- Film poster
- Directed by: Robert Green Hall
- Written by: Robert Green Hall
- Produced by: Chang Tseng Bobbi Sue Luther Ed Polgardy Seth Negal
- Starring: Bobbi Sue Luther Kevin Gage Sean Whalen Johnathon Schaech Thomas Dekker Nick Principe Richard Lynch Lena Headey
- Cinematography: Scott Winig
- Edited by: Andrew Bentler
- Production company: Dry County Films
- Distributed by: Anchor Bay Entertainment
- Release dates: March 18, 2009 (Dallas, Texas);
- Running time: 90 minutes
- Country: United States
- Language: English

= Laid to Rest (film) =

Laid to Rest is a 2009 American slasher film written and directed by Robert Green Hall. It was followed by a 2011 sequel entitled ChromeSkull: Laid to Rest 2.

==Plot==
A young woman with amnesia breaks out of a coffin in a funeral home, and dials 911 in the morgue, but accidentally unhooks the telephone while speaking to the operator. The mortician appears and is impaled by a man equipped with a chrome skull mask, and a shoulder-mounted camera. The girl stabs ChromeSkull in the eye, and runs off while he treats his wound. The girl is picked up by Tucker, who takes her home to his wife Cindy, and promises her that they will go to the sheriff's station in the morning, as Tucker's truck is low on gas, and their phone service has been cut off.

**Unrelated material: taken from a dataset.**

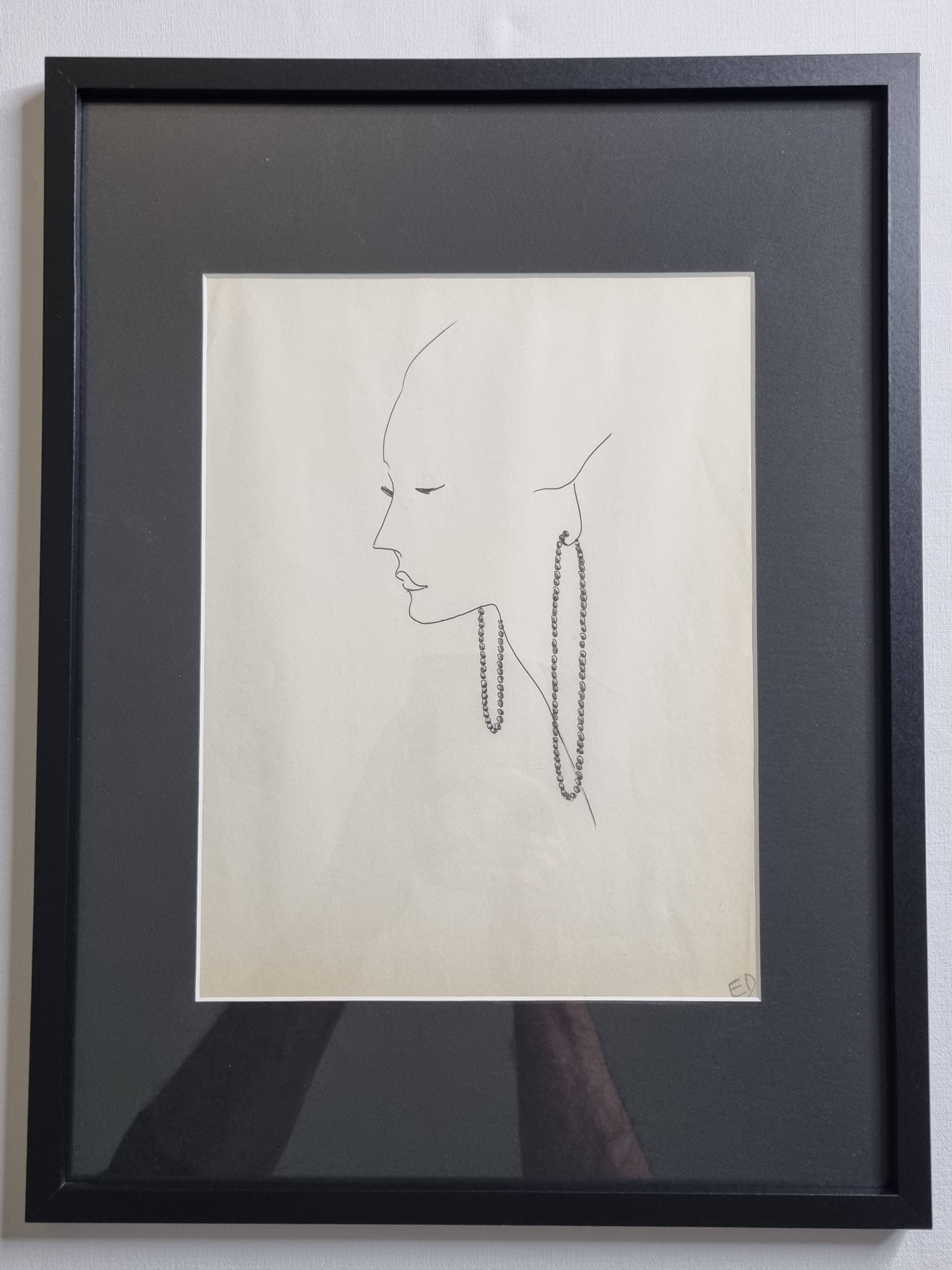 Fashion sketch (accessories), original drawing, signed by Jean Eden, 60s-70s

ChromeSkull tracks the girl (who has been nicknamed "Princess") to Tucker's house and kills Cindy. Tucker and Princess escape in Tucker's truck as ChromeSkull deals with Cindy's brother Johnny and his girlfriend, who had come by to check on Cindy. Tucker and Princess seek aid from a recluse named Steven, who uses his computer to email for help, and research ChromeSkull, discovering he is a serial killer whose modus operandi is to send tapes of himself murdering women to the authorities.

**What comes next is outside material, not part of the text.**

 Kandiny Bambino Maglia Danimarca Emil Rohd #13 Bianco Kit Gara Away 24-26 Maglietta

The trio goes to the police station and finds the sheriff and a deputy dead, and ChromeSkull waiting for them. The group wound ChromeSkull's leg and drove away, reaching the funeral home. Princess explores the area and discovers that a nearby barn contains several of ChromeSkull's previous victims. ChromeSkull beheads a still-living captive, knocks Princess out, and places her in a casket. Before ChromeSkull can kill Princess, he is shot by Tucker, who drives away with her and Steven in ChromeSkull's car.

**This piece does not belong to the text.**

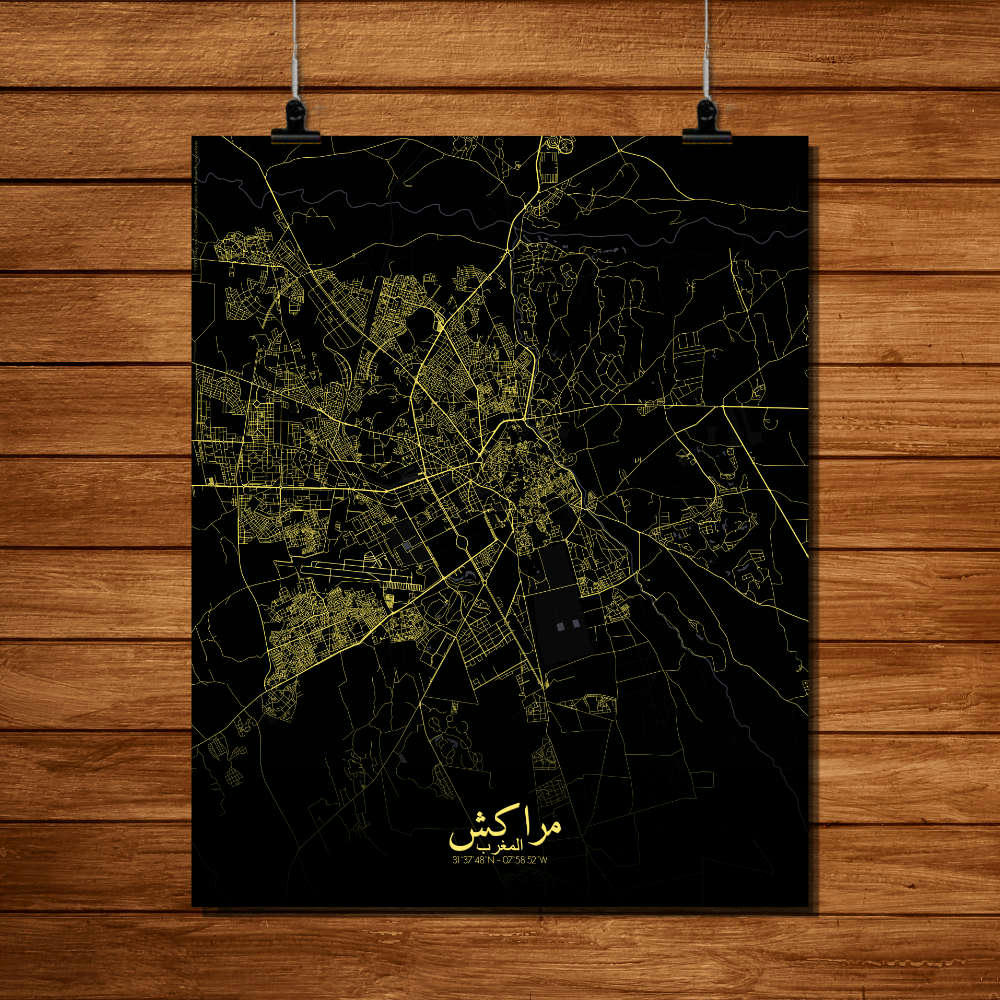 MARRAKECH - Affiche Marrakech Carte Nuit 40x50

Princess looks at footage on ChromeSkull's camera, which shows he was in league with the mortician, whom he killed due to the man becoming a liability. Princess takes the car while Tucker and Steven are removing bodies from the trunk, and is locked inside by ChromeSkull, who uses his cellphone to take control of the onboard computer as he follows Princess to a convenience store. Via paperwork in the car, Princess finds out ChromeSkull's name is Jesse Cromeans, right before he attacks her.

ChromeSkull prepares to kill Princess, but he is out of tapes for his camera, so he coerces her into going into the store to get one. The clerk sees the threatening messages ChromeSkull is sending Princess through a cellphone, goes out to confront him, and has his head blown off when ChromeSkull turns his own shotgun on him. A customer, Anthony, goes to lock the backdoor and is decapitated by ChromeSkull. Tucker and Steven reach the store, grab ChromeSkull's suitcase on the way in, and replace the glue he uses to keep his mask on with Cyanoacrylate. ChromeSkull cuts the power and causes Steven's face to explode by injecting canned tire inflator into his ear. Tucker is stabbed while trying to give Princess enough time to escape with Tommy, the murdered customer's friend.

ChromeSkull locks Tommy out of the building, and traps Princess in a freezer. To taunt Princess, ChromeSkull gives her his camera, which reveals she was a drug-using sex worker he had picked up, and that she lost her memory when ChromeSkull beat her with a bat. Princess smashes the camera in frustration, and while struggling with ChromeSkull, knocks his mask off. ChromeSkull goes to reaffix his mask, unknowingly using the Cyanoacrylate that Steven had replaced his adhesive with. The chemical melts ChromeSkull's face as he peels his mask off, and as he writhes in agony, Princess bludgeons him with an aluminum bat.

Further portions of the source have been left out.